343 – Baby Yearnings
February 16, 1989
New friend, Mary, down the hall from us. Mary’s mother-in-law is visiting: she said that in her family, four boys were born then her.
Of course I thought of our four sons and then a girl being added!
Grace and peace to you from God our Father and the Lord Jesus Christ, who gave Himself for our sins to rescue us from the present evil age, according to the will of our God and Father to who be glory forever and ever. Amen. Galatians 1:3-5
Realization and praise for what Christ has done. Determination in the Spirit to go forth in praises—and not be overcome by sickness or sin or insecurities.
For two hours I cared for Mary’s baby twin boys, Ambrose and Austin, while she counseled her brother on the phone. Prayed in support of her. Our boys were in and out, up and down the deserted hall, back and forth from her place to ours.
This morning Dan and I prayed. And later I realized how disappointed I am that I am not pregnant. I called out for God’s comfort. Disappointed that my womb is empty, but ALSO that I misinterpreted God again. But God began to minister to me.

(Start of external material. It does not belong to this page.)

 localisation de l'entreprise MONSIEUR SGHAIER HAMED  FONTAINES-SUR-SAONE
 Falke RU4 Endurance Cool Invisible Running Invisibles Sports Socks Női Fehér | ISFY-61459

I NOW KNOW what countless women experience who greatly desire children of their own, looking every month for signs of pregnancy. Praise the Lord.

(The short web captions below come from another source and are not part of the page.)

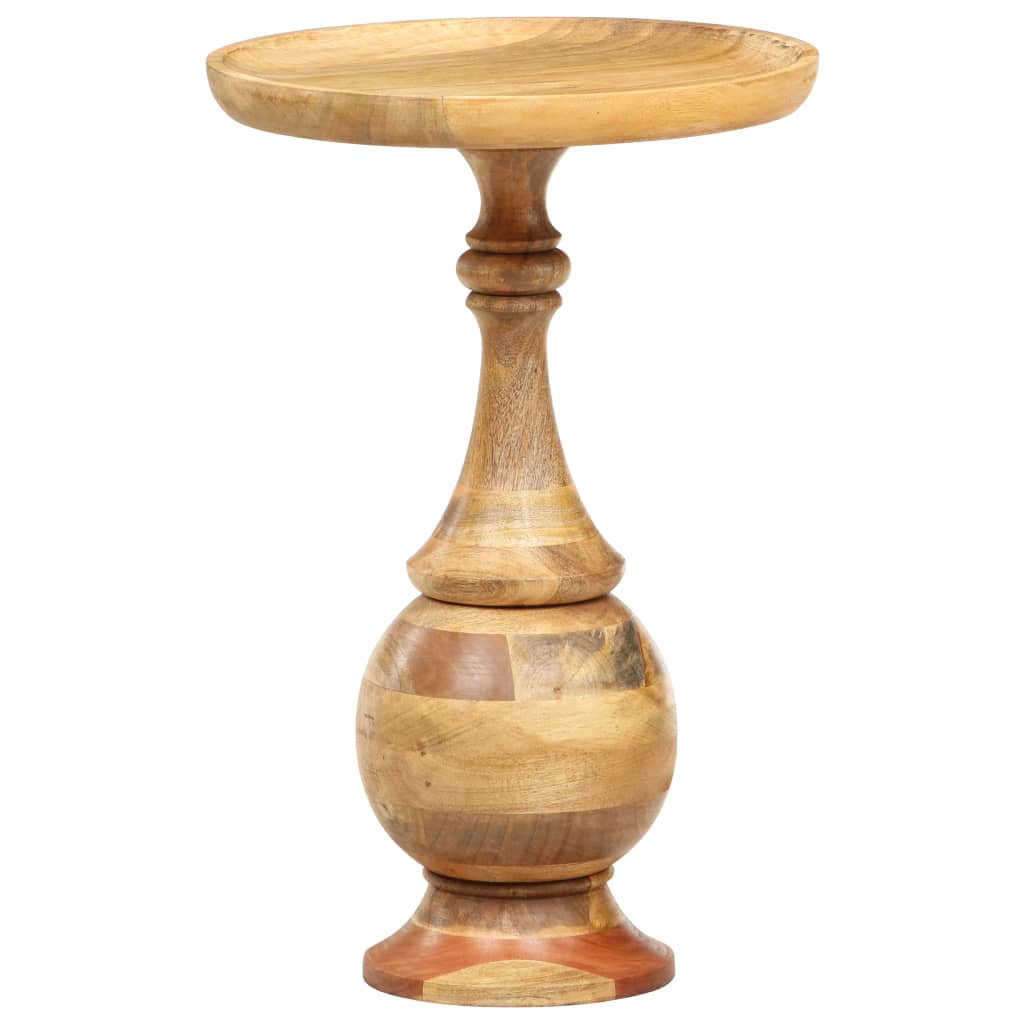 Masă Laterală Rotundă, 43 X 43 X 66 Cm, Lemn Masiv De Mango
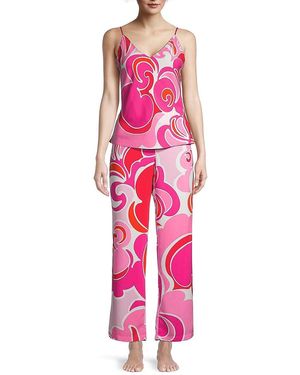 Natori Nami Print Pyjamas - Pink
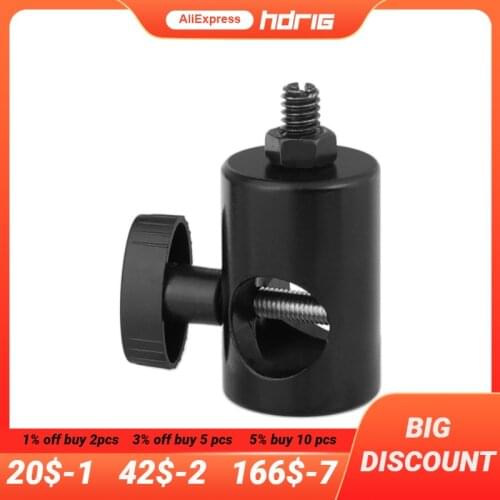 HDRIG Light Stand Head Mount Lighting Spigot with 1/4"-20 Thread Screw Adapter Photography Accessories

Instantly I understood too that this is preparation for CARING FOR other’s babies.
Jan (back in Reno) took in three homeless children. Dan and I can take care of babies of women who are not aborting or provide temporary care. It would be a blessing for our whole family, Lord. You turned my mourning into JOY and DANCING! Also I realized: I never experienced this yearning before. Our sons came so fast that I never had time to yearn!
Unfortunately I did not hold fast to this position of this being about caring for other people’s babies, which would have been CORRECT!! Because that is what we eventually did. INSTEAD, for two more years I wondered every month if I was pregnant. My poor husband!